A veces uno se siente solo practicando su particular lucha contra aquello que considera erróneo, injusto e intolerable. Por ello, da una inmensa alegría encontrar iniciativas como la del Manifiesto contra la muerte del espíritu y la tierra, un texto que suscriben notables personajes de la cultura española, así como diferentes profesionales de prestigio, con lo cual, este grito contra la muerte del espíritu tiene más posibilidades de ser escuchado. Quiero, desde este blog y a título particular, apuntarme al carro de este manifiesto y ayudar a su divulgación.

Extraigo algunas de sus frases, pero podéis leerlo completo en www.manifiesto.org

“La inquietud que aquí se expresa es la derivada de ver desvanecerse ese afán gracias al cual los hombres son y no solo están en el mundo; esa ansia por la que expresan toda su dicha y su angustia, todo su júbilo y su desasosiego, toda su afirmación y su interrogación ante el portento del que ninguna razón podrá nunca dar cuenta: el portento de ser, el milagro de que hombres y cosas sean, existan: estén dotados de sentido y significación”.
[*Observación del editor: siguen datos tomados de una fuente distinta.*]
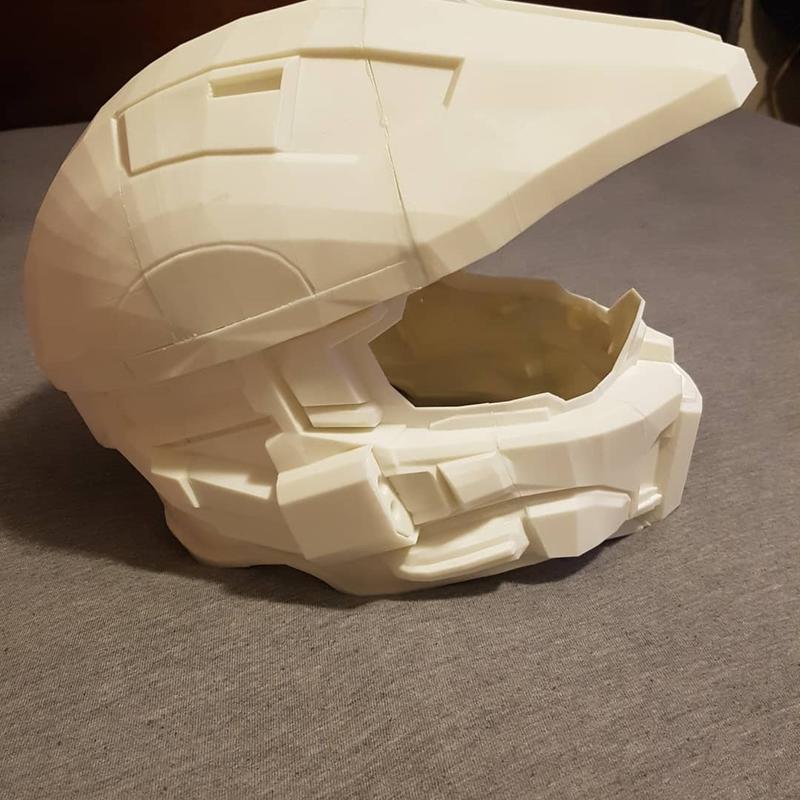 The build area of 9.1 x 5.9 x 5.9 inches (230 x 150 x 150 mm) lets you print just about anything, even a powerful Millenium Falcon or a custom Cosplay helmet.
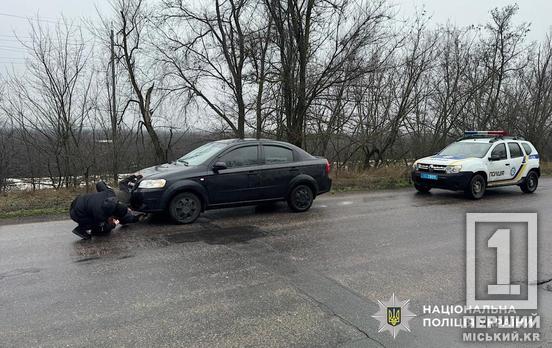 Застрял посреди трассы: полицейские Криворожья спасли водителя на дороге
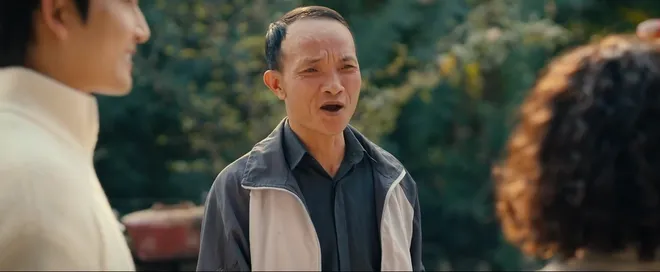 Ngược đường ngược nắng - Tập 1: Mai vừa về qu&ecirc; đ&atilde; gặp rắc rối với "oan gia" của gia đ&igrave;nh- Ảnh 12.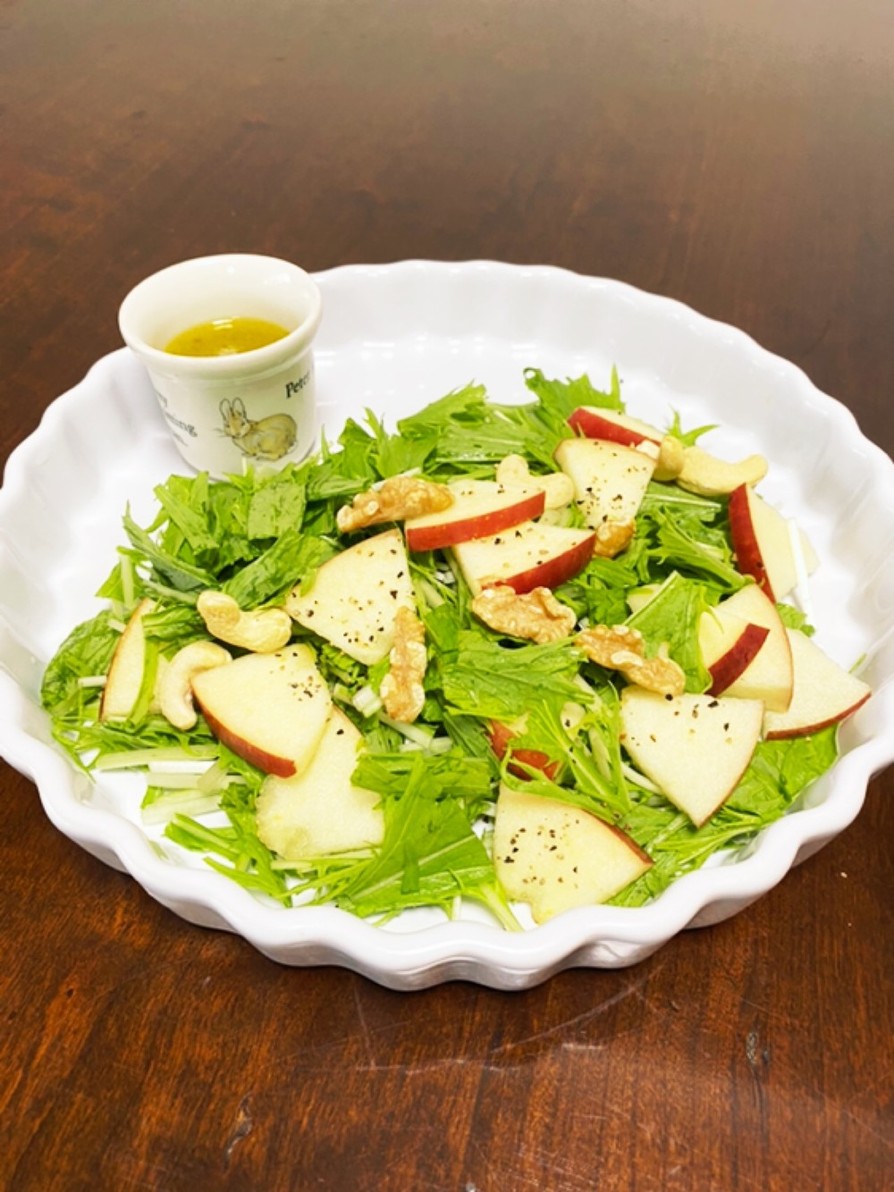 シャキシャキ♡水菜とリンゴとナッツサラダの画像
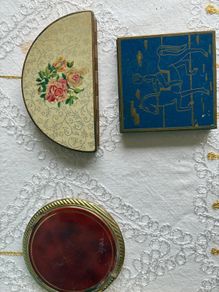 Vintage powder puff containers x4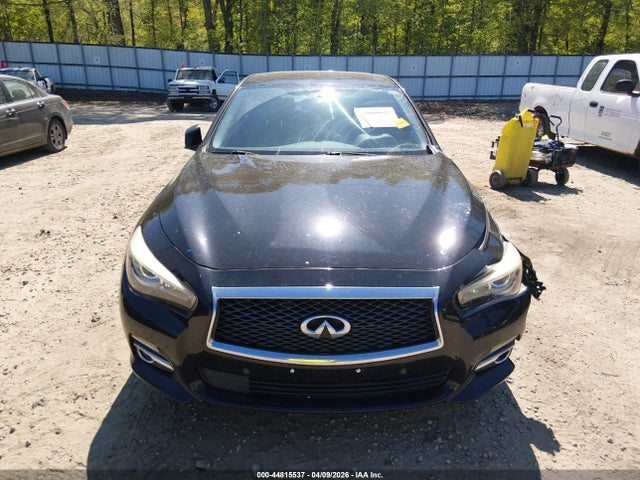 INFINITI Q50 Premium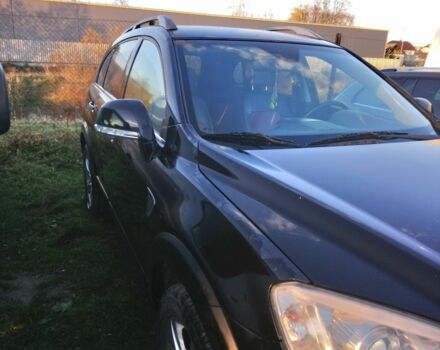 Черный Шевроле Каптива, объемом двигателя 2 л и пробегом 250 тыс. км за 5000 $, фото 2 на Automoto.ua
“Carecer de destino, estar privados de un principio regulador, de una verdad que garantice y guíe nuestros pasos: semejante ausencia –semejante nada– es sin duda lo que trata de llenar la vorágine de productos y distracciones con que nos atiborramos y cegamos. De ahí proceden nuestros males. Pero de ahí procede también –o mejor dicho: de ahí podría proceder, si lo asumiéramos de muy distinta manera– toda nuestra fuerza y grandeza: la de los hombres libres; la grandeza de los hombres no sometidos a ningún principio absoluto, a ninguna verdad predeterminada; el honor y la grandeza de los hombres que buscan, se interrogan y anhelan: sin rumbo ni destino fijo. Libres; es decir, desamparados. Sin techo ni protección. Abiertos a la muerte”.

“Si el tema de nuestro tiempo, por parafrasear a Ortega, no es otro que el constituido por esta profunda paradoja: la necesidad de que se abra un destino para los hombres privados de destino y que han de seguir estándolo; si nuestra cuestión es la exigencia de que se abra un sentido para un mundo que descubre –aunque encubierta, desfiguradamente– todo el sinsentido del mundo; si tal es, en fin, nuestro “tema”, la cuestión que entonces se plantea es: ¿mediante qué cauces, a través de qué medios, de qué contenido, de qué símbolos, de qué proyectos… puede llegar a abrirse semejante donación de sentido?”.